[Opening DATA PROVIDED section]

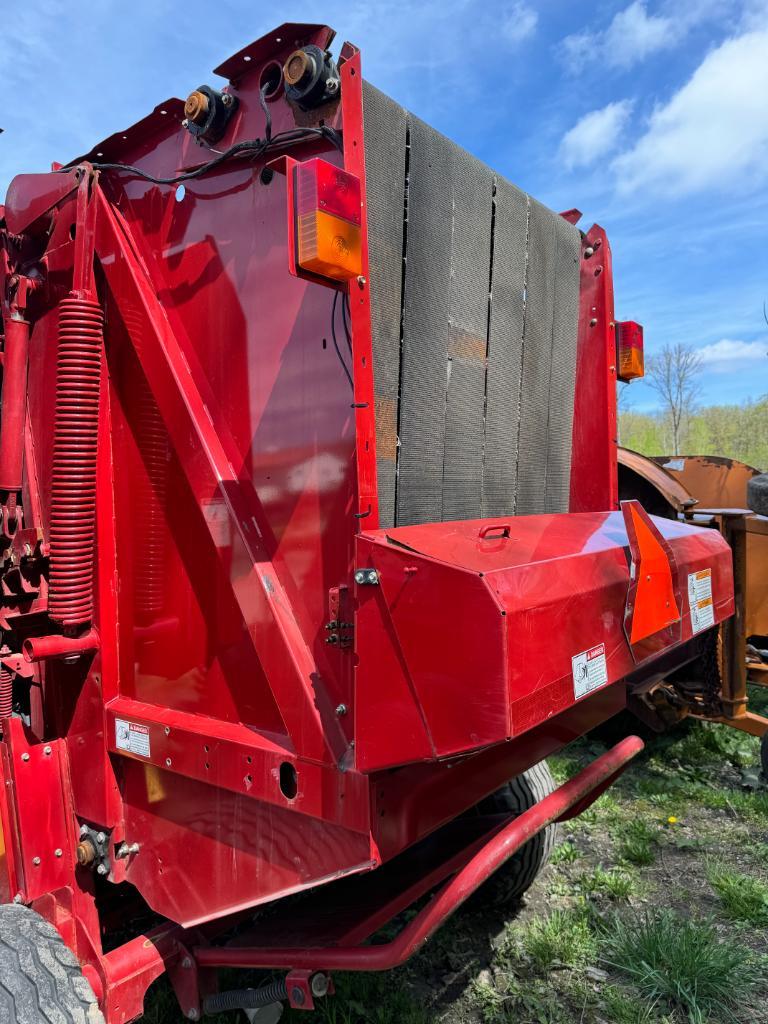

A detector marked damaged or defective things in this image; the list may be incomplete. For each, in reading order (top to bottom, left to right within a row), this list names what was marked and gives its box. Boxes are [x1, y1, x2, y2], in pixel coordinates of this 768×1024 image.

rusty metal equipment [618, 452, 768, 741]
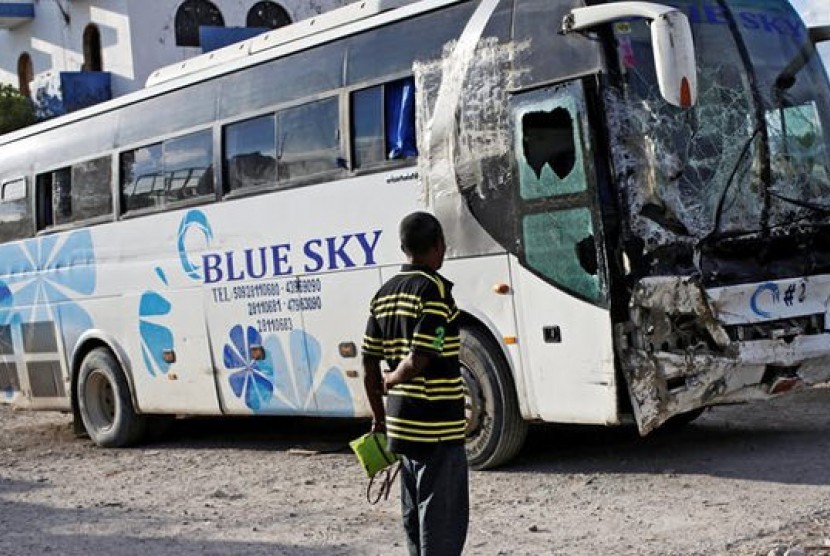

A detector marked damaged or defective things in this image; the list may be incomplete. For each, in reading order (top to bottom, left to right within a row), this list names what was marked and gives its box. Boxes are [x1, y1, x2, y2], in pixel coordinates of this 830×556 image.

shattered windshield [608, 0, 830, 248]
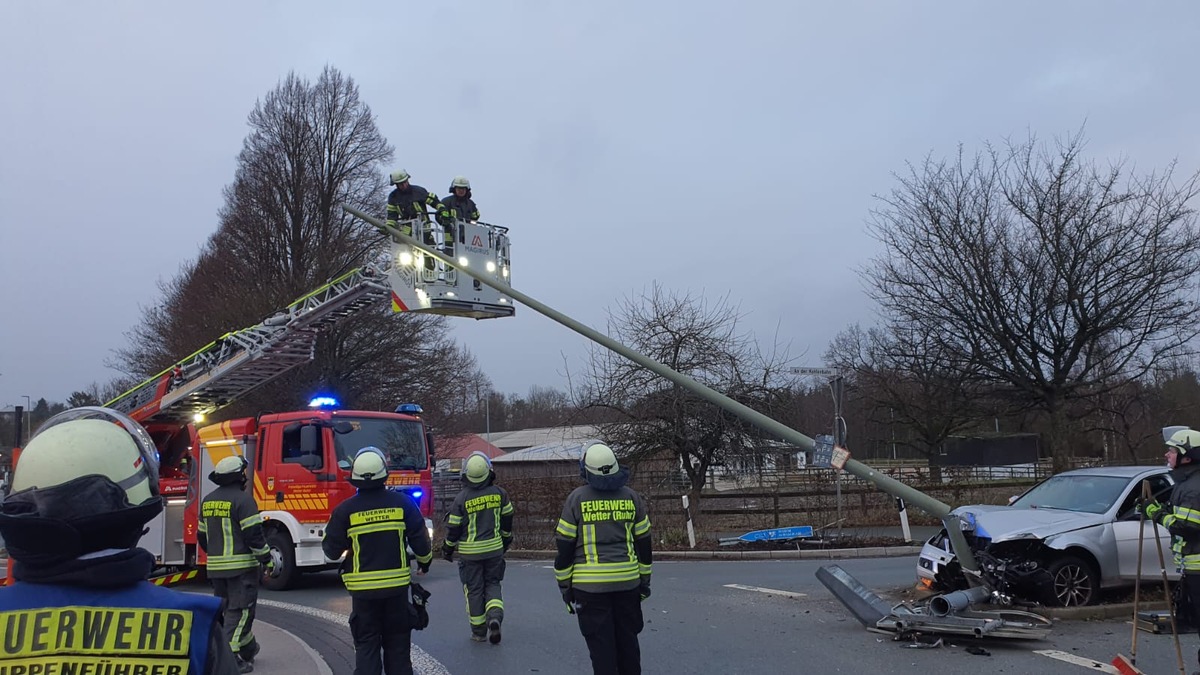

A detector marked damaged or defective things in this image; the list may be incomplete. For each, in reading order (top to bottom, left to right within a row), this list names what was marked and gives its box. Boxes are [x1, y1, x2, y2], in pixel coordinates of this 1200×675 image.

bent metal pole [345, 205, 955, 521]
car hood crumpled [950, 504, 1108, 540]
damaged silver car [912, 468, 1176, 605]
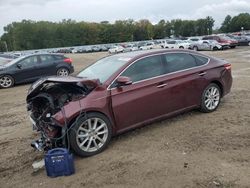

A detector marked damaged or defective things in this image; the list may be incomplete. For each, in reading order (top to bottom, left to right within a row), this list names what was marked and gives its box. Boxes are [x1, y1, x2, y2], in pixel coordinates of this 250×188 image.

damaged front end [25, 76, 99, 151]
crumpled hood [27, 76, 100, 100]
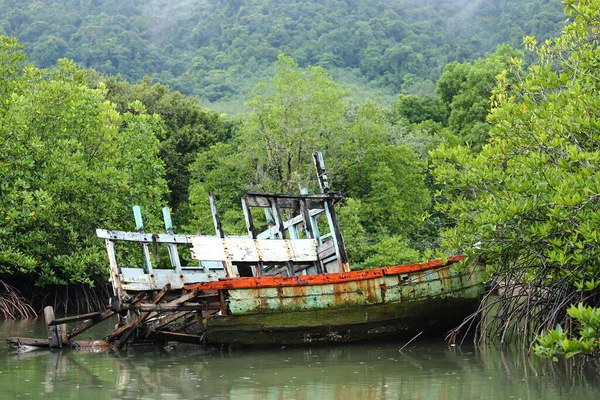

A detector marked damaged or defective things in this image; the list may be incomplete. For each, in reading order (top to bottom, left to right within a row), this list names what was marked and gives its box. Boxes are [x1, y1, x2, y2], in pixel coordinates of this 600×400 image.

rusty hull [198, 260, 488, 346]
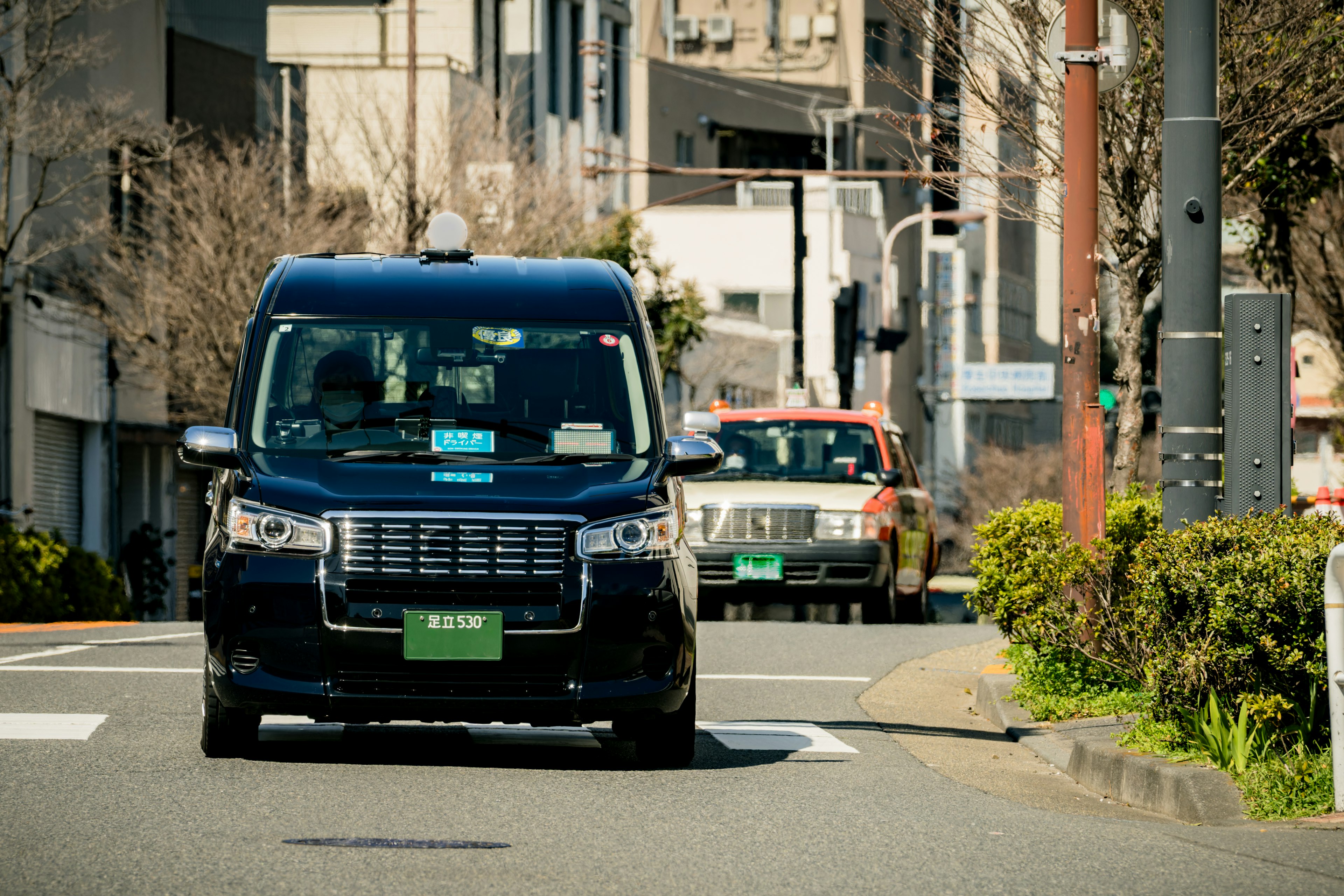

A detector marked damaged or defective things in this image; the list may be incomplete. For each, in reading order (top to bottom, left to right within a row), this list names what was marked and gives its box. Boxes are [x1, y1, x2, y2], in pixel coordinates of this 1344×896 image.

rusty metal utility pole [403, 0, 414, 251]
rusty metal utility pole [1059, 0, 1102, 553]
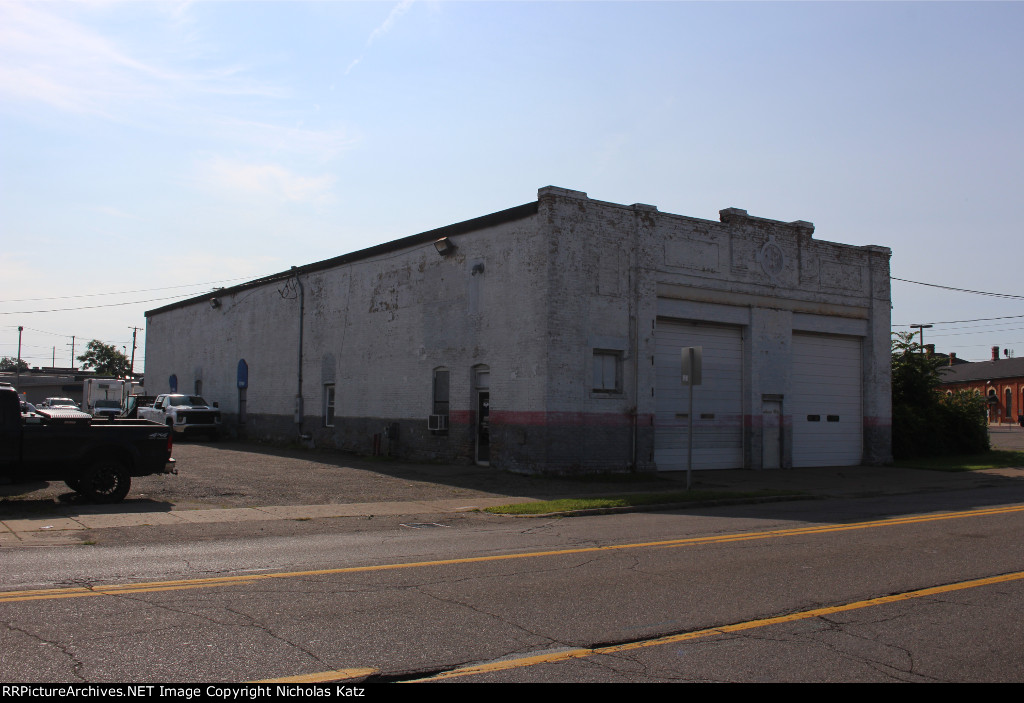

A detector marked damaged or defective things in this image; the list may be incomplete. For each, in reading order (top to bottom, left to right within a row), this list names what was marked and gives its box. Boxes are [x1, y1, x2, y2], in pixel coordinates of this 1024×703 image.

cracked asphalt road [2, 484, 1024, 680]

[Closing DATA PROVIDED section]

All lines from the one containing "this 830×556 image." through the final line of the entries above are to be copied exactly; the pictures are not.

◆ EXERCISE RESULT
A detector marked damaged or defective things in this image; the list may be incomplete. For each, in reading order (top to bottom, left to right within a row), this list names what was marked and gives its box. Boxes are [x1, y1, x2, y2], in pixel coordinates of this 830×556 image.

shattered windshield [608, 0, 830, 248]

A detector marked damaged or defective things in this image; the list may be incomplete. For each, in reading order (top to bottom, left to right within a row), this list names what was marked and gives its box. Boxes are [x1, y1, x2, y2], in pixel coordinates of this 1200×675 image.

bent metal pole [345, 205, 955, 521]
car hood crumpled [950, 504, 1108, 540]
damaged silver car [912, 468, 1176, 605]

A detector marked damaged or defective things in this image; the list may be incomplete. For each, in reading order (top to bottom, left to right within a row), this list names what was marked and gives its box. Boxes are [x1, y1, x2, y2], in pixel coordinates of this 250×188 image.

damaged front end [25, 76, 99, 151]
crumpled hood [27, 76, 100, 100]

A detector marked damaged or defective things in this image; the list may be incomplete. For each, in reading order (top to bottom, left to right within a row), this list names what was marked and gives its box. Boxes are [x1, y1, x2, y2], in pixel coordinates of this 600×400 image.

rusty hull [198, 260, 488, 346]

A detector marked damaged or defective things in this image; the list may be incomplete. For each, in reading order (top to bottom, left to right within a row), this list names what was marked and gives its box. Boxes are [x1, y1, x2, y2], in pixel coordinates of this 1344×896 image.

rusty metal utility pole [403, 0, 414, 251]
rusty metal utility pole [1059, 0, 1102, 553]

A detector marked damaged or defective things in this image; the list may be incomplete. For each, in reading order (top to bottom, left to right within a row), this list names what was marked and gives its box. Boxes are [x1, y1, x2, y2], in pixel coordinates of this 1024×703 image.

cracked asphalt road [2, 484, 1024, 680]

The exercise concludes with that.